All sorts of diseases, or a predisposition toward them, can run in families. Cancer, diabetes, heart disease, hemophilia, sickle-cell anemia, high blood pressure. The list goes on and on.

Most of us take a do-I-really-want-to-know approach to finding out what diseases our family tree might predispose us to. But Venne, and every other expert in the field, agrees it’s a step that’s potentially too important not to be taken. And it’s one that doesn’t take long to complete.

Setting aside all the sci-fi scares about genetic testing and designer babies, the reason for gathering a family health history isn’t doom and gloom—it’s prevention. Just because your father had skin cancer doesn’t mean you’ll get it, but if you know you have a higher risk for developing melanoma, you might slather on the sunscreen and remember to grab a hat.

A look at your family health history might enable your doctor to head off a heart problem at the pass. Or that same doctor might suggest you see a genetic counselor, like Venne. Maybe a cluster of type-2 diabetes is the motivation you need to lay off the junk food and take up running 5-Ks instead. After all, we all know the value of an ounce of prevention.

Direction from the Pros

Dr. Thomas Shawker of the National Institutes of Health and author of Unlocking Your Genetic History has the short answer for why people should create a family medical history: “To see if they or their children are at risk either for a known genetic disease or for one that . . . has a genetic component.” And U.S. Surgeon General Richard H. Carmona is even more blunt: “Knowing your family’s medical history can save your life.”

Creating such a personal, even private, history for the people in your family tree may seem a little daunting. But it’s not.

A family health history is essentially a family tree that tracks the broken branches, blights, and beetles that have troubled it over the years. Cold, flu, mumps, chicken pox, and a sprained ankle caused by jumping off the jungle gym aren’t included. The focus here is any disease with a genetic component that can be passed from generation to generation.

For this ancestral chart, along with names and dates, you’ll want to note whether anybody has had one of the Surgeon General’s big six: heart disease, stroke, colon cancer, breast cancer, ovarian cancer, or diabetes. Other health problems to include are Alzheimer’s, high blood pressure, depression, high cholesterol, infertility, miscarriages, deafness, arthritis, asthma, learning disabilities, and allergies.

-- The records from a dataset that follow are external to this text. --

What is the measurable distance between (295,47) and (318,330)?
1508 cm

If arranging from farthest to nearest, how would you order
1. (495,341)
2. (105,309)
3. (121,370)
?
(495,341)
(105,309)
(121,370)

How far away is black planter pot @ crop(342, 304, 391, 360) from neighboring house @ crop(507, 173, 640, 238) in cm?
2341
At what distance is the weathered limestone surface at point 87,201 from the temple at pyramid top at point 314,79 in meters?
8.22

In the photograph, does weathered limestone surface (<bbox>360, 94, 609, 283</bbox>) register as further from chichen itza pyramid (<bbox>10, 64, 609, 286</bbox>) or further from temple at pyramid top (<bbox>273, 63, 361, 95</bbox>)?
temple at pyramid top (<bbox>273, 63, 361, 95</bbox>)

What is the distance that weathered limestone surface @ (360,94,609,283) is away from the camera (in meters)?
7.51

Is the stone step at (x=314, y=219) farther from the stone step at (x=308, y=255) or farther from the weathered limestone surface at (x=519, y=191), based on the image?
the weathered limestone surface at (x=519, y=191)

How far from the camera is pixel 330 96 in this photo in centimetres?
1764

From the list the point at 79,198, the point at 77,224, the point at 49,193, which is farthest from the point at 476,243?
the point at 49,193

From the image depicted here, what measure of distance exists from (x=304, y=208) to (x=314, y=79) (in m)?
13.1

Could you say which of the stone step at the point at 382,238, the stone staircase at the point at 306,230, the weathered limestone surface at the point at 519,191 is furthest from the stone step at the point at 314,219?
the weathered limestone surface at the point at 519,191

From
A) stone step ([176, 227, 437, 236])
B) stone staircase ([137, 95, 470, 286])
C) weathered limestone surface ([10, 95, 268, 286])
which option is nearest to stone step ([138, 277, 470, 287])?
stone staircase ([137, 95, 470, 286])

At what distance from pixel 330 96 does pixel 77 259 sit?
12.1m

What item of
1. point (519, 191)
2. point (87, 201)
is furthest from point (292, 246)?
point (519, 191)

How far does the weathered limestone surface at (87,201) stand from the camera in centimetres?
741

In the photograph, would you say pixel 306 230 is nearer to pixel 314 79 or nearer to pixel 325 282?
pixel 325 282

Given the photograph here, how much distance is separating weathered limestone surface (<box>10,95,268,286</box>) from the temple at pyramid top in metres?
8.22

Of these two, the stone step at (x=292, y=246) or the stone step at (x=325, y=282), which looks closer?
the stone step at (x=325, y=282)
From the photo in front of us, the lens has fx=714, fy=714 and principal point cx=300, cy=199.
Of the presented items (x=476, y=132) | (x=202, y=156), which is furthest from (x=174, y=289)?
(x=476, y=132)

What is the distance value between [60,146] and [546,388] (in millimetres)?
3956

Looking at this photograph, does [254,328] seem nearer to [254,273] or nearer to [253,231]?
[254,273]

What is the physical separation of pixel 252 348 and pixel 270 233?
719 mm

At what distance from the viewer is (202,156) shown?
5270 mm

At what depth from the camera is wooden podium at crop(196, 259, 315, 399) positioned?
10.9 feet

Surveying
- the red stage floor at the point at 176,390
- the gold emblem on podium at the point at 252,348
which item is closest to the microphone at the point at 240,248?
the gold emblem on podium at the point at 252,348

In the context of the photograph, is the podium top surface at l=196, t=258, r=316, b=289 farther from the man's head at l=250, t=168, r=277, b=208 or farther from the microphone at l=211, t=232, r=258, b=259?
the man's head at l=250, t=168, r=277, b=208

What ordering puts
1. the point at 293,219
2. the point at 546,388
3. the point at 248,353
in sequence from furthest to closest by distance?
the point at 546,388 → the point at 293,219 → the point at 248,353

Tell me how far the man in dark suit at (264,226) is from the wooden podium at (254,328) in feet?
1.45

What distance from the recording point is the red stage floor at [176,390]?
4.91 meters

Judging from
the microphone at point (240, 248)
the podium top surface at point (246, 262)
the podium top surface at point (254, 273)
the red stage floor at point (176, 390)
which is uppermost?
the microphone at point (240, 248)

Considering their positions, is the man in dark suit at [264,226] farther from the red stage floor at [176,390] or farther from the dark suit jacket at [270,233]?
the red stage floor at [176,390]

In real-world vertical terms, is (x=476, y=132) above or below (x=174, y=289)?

Going Somewhere with the Subject

Bill Hockett, executive vice president of communications at Myriad Genetics, a genetic research and testing company that makes tools that can be used to determine a person’s risk for cancer, emphasizes the importance of accurate information. “My grandmother died of cancer,” he says. “We were told it was stomach cancer, but it was actually ovarian cancer.” Hockett attributes the misinformation to society’s attitude at the time—his grandmother died in an era when people weren’t comfortable talking about anything associated with reproductive organs.

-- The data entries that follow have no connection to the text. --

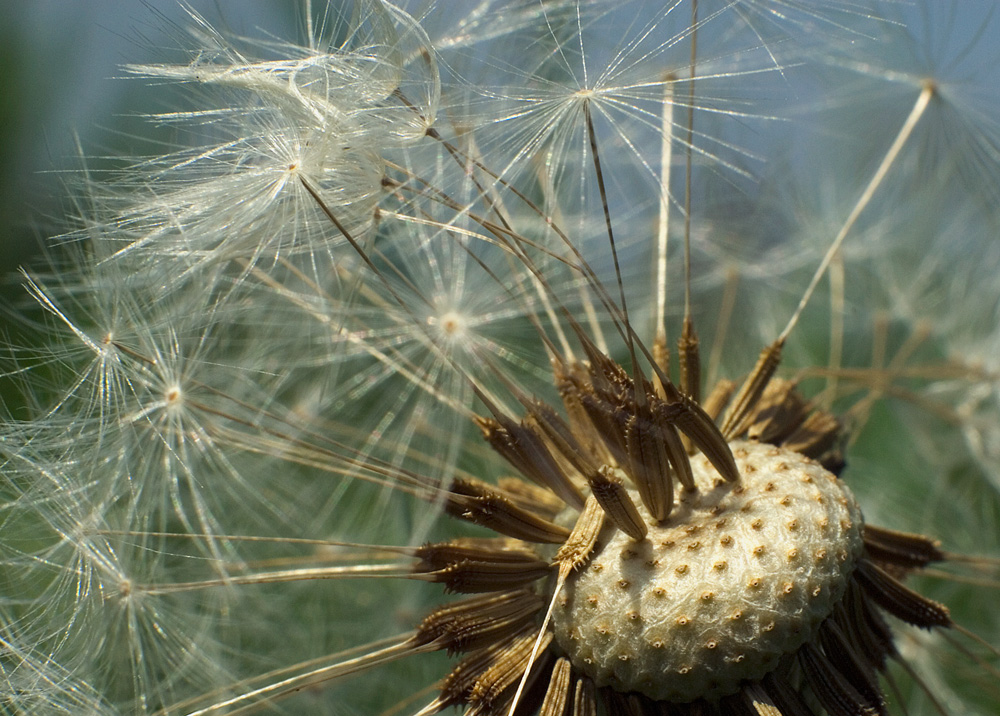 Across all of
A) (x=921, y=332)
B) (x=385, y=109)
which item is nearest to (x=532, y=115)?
(x=385, y=109)

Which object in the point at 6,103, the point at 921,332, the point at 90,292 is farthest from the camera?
the point at 6,103

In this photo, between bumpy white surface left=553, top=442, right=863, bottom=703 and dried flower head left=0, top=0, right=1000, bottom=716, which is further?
dried flower head left=0, top=0, right=1000, bottom=716

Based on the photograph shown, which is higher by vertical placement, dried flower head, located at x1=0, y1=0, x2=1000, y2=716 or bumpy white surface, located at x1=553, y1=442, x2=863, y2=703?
dried flower head, located at x1=0, y1=0, x2=1000, y2=716

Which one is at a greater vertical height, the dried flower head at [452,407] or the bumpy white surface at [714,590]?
the dried flower head at [452,407]

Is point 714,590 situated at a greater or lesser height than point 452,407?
lesser

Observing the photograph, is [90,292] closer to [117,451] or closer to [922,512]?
[117,451]

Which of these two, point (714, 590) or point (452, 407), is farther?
point (452, 407) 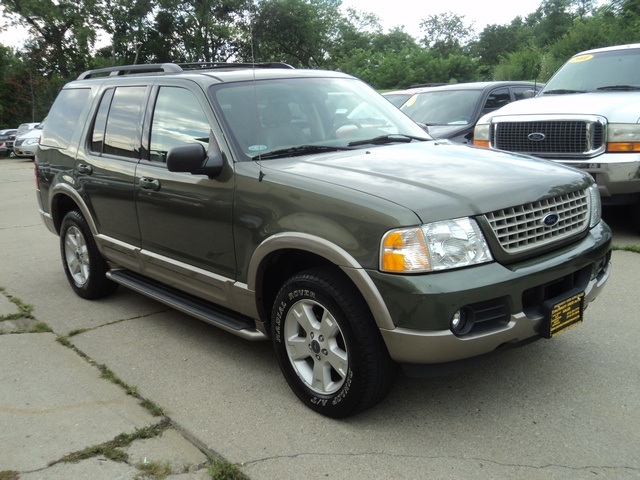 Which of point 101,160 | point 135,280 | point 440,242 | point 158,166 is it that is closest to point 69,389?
point 135,280

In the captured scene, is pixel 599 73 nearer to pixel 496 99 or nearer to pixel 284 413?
pixel 496 99

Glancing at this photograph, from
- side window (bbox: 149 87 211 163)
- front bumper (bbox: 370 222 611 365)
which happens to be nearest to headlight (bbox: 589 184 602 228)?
front bumper (bbox: 370 222 611 365)

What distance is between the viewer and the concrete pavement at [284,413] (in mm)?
2967

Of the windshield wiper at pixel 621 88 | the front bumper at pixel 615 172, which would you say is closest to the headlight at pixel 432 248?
the front bumper at pixel 615 172

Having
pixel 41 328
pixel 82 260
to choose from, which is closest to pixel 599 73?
pixel 82 260

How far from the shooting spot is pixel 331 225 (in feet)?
10.4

Because treatment and detection can vary so greatly from one disease to the next, and because so many more conditions are treatable today, accuracy is integral. So is going back further than just the members of your household. At the very least, Shawker recommends charting medical conditions back to grandparents on both sides, and preferably on to great-grandparents, “if the medical information is reliable.” As you build your chart, Shawker says, look for patterns or “clusters of the same common disease, especially those common diseases such as stroke or heart disease occurring at an early age.”

Shawker advises branching out as well. “Go laterally to those cousins, aunts, and uncles that you haven’t seen in years.” While these are second-degree relatives, you still share 25 percent of your genes.

Collecting Facts

In 2004, the Surgeon General declared Thanksgiving Day as National Family History Day to encourage families to use holiday get-togethers as a time and place to talk about family health. While this may seem a little macabre up front, think about it: who doesn’t like to complain about their little aches and pains?

When you sit down to collect family medical information, realize that due to privacy laws, researching medical records is almost entirely out of the question. But social gatherings are not.

Start at the family reunion. Pass out a survey or make some phone calls. Look for clues in death certificates and obituaries. Talking to other family members is important because your genetic history doesn’t belong strictly to you—you share half your genes with all your first-degree relatives (children, parents, siblings), a quarter with your second-degree relatives, and so on. Any health history you gather is part of their health history, too.

And with all of those ounces of prevention—that’s got to be worth more than a pound or two of cure.

Paul Rawlins is a writer and proud owner of his own recently created family health history—with a gap here and there that he’ll try to get over at the next family reunion.